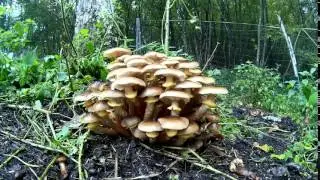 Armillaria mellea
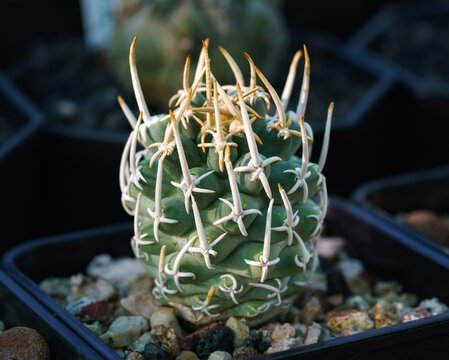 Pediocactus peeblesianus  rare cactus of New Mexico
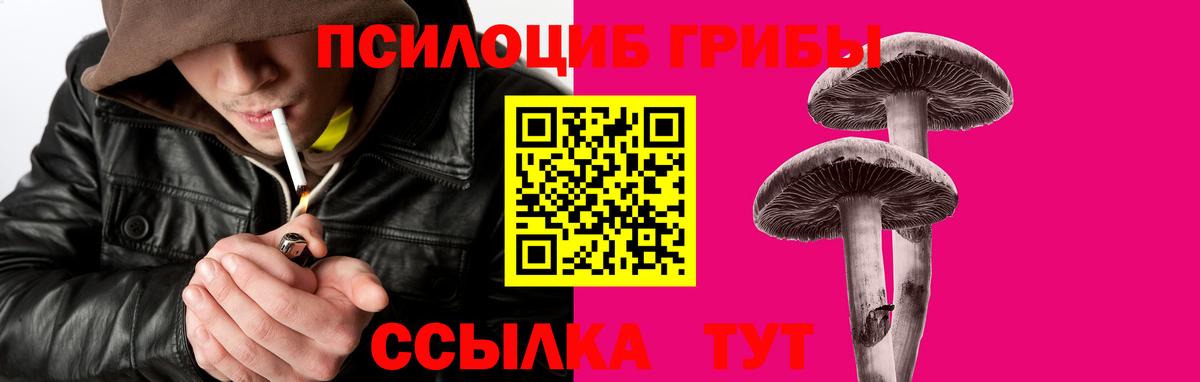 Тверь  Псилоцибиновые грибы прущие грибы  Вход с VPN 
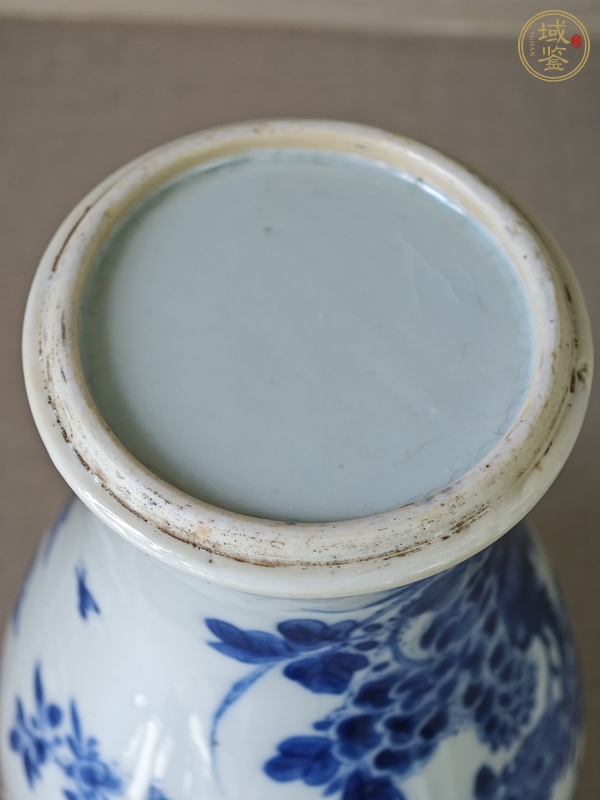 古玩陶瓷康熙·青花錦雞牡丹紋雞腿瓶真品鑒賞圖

◇ ◇ ◇ ◇

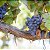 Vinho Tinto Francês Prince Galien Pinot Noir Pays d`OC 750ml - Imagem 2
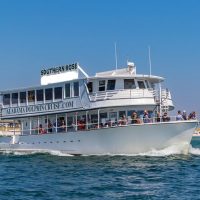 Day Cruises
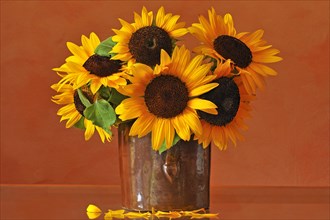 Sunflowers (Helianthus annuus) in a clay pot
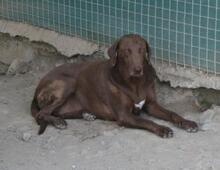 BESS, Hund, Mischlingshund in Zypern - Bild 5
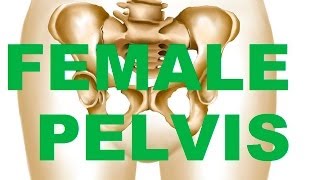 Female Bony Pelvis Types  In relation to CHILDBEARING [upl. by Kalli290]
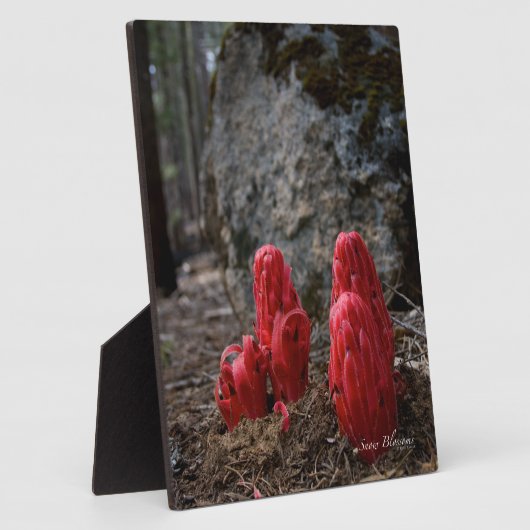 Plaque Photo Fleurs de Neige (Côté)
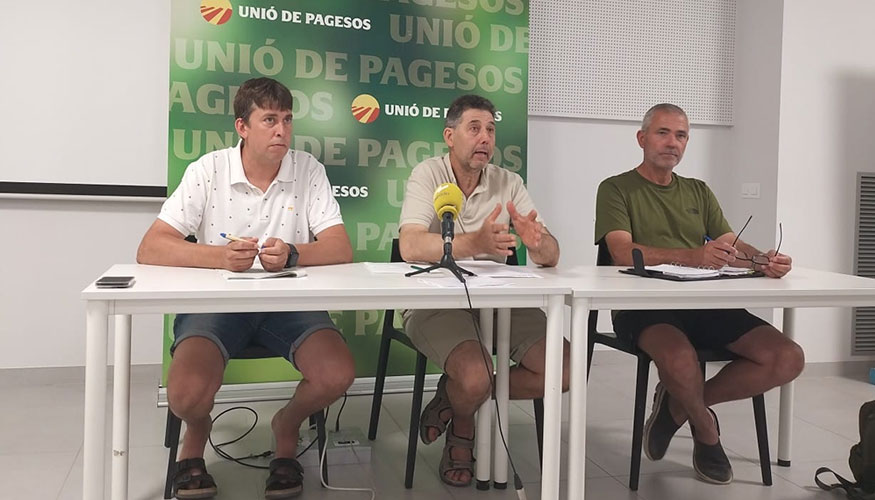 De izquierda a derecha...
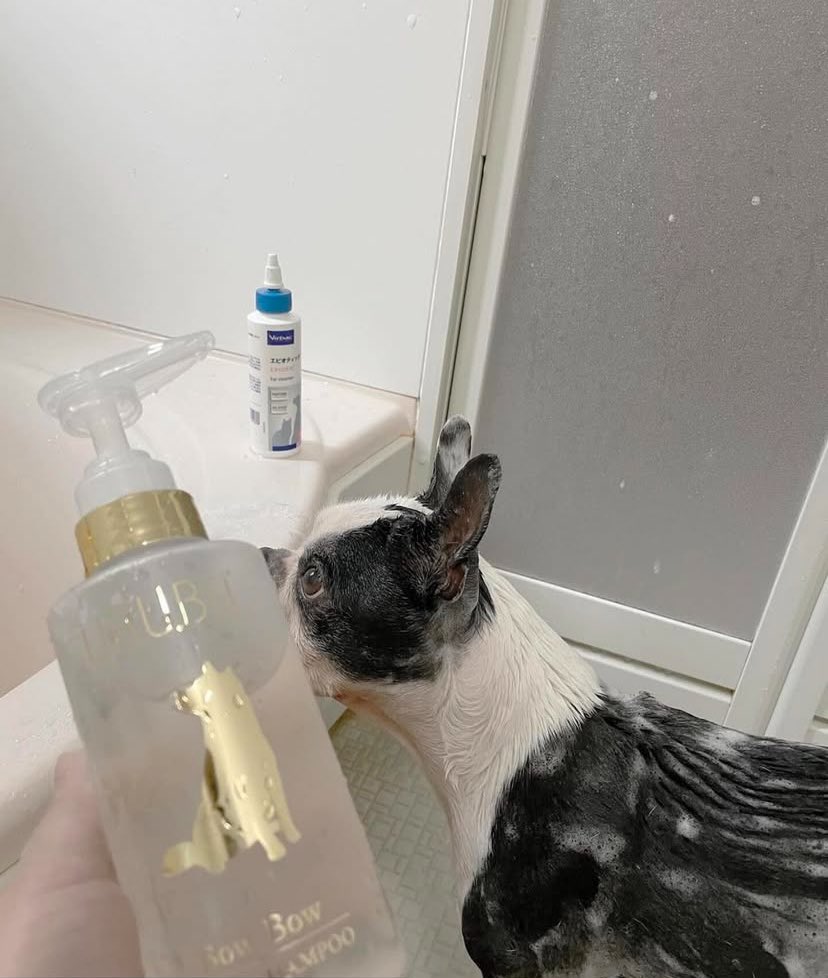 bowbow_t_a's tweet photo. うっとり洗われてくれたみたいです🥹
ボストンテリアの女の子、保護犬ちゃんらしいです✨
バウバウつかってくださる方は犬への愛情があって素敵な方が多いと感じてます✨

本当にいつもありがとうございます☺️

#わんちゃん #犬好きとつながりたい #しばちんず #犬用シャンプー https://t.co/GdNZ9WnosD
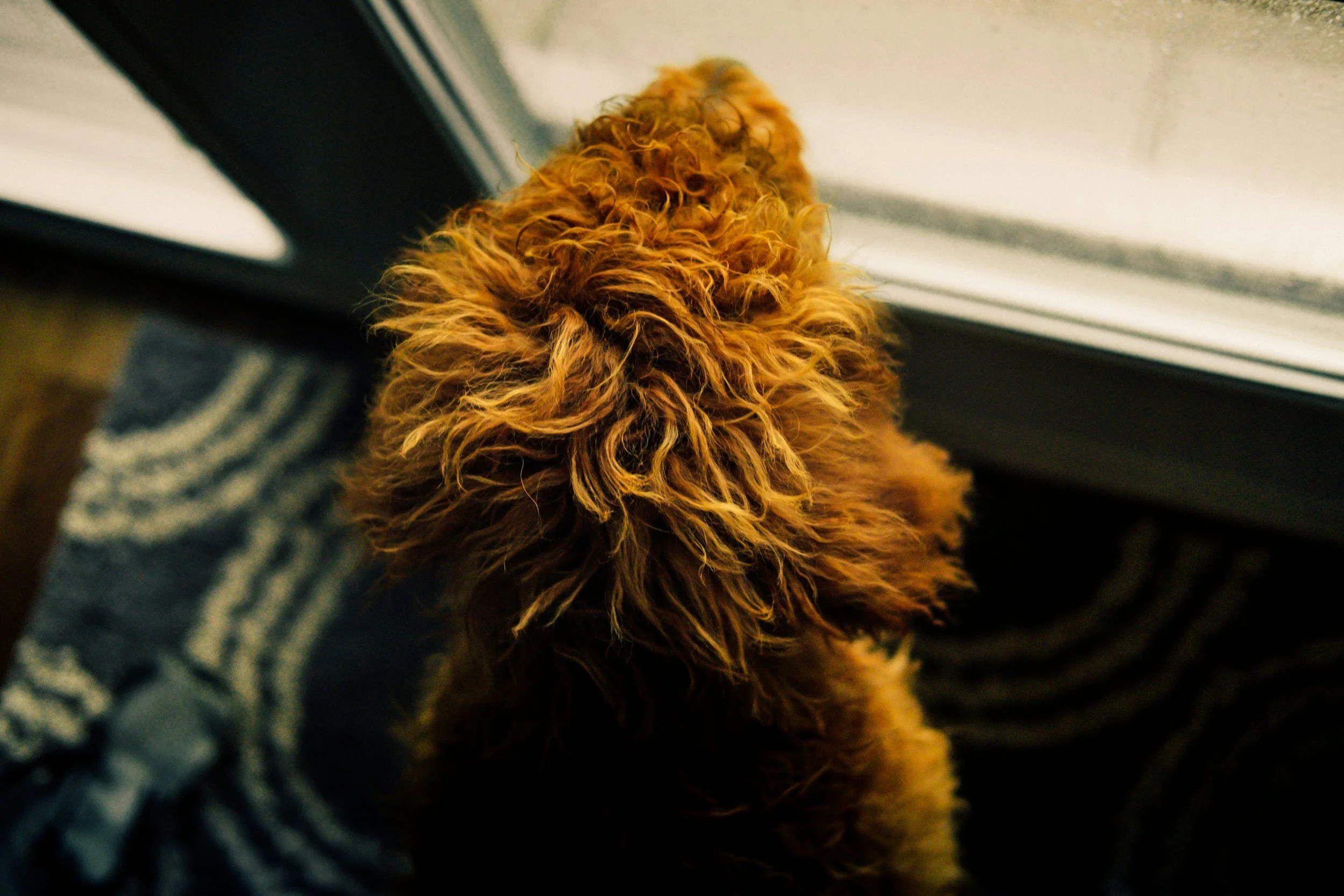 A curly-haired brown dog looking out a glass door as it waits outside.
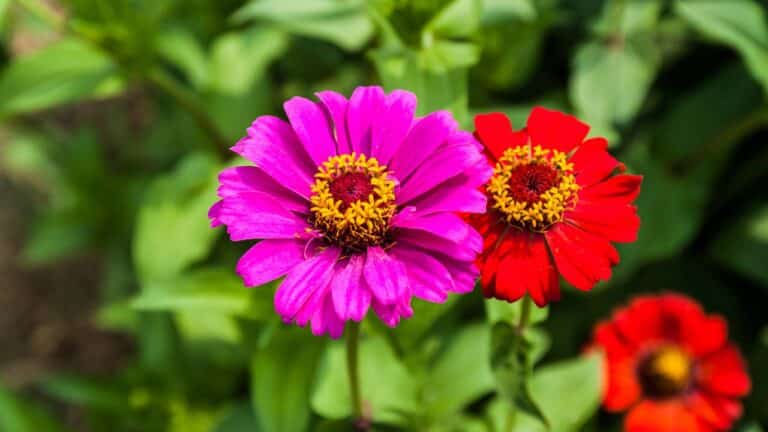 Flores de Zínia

◇ ◇ ◇ ◇

In the data above, find the line with "of New Mexico" and the line with "古玩陶瓷康熙·青花錦雞牡丹紋雞腿瓶真品鑒賞圖". Please copy exactly those two lines and every line between them, but not the pictures.

 Pediocactus peeblesianus  rare cactus of New Mexico
 Тверь  Псилоцибиновые грибы прущие грибы  Вход с VPN 
 古玩陶瓷康熙·青花錦雞牡丹紋雞腿瓶真品鑒賞圖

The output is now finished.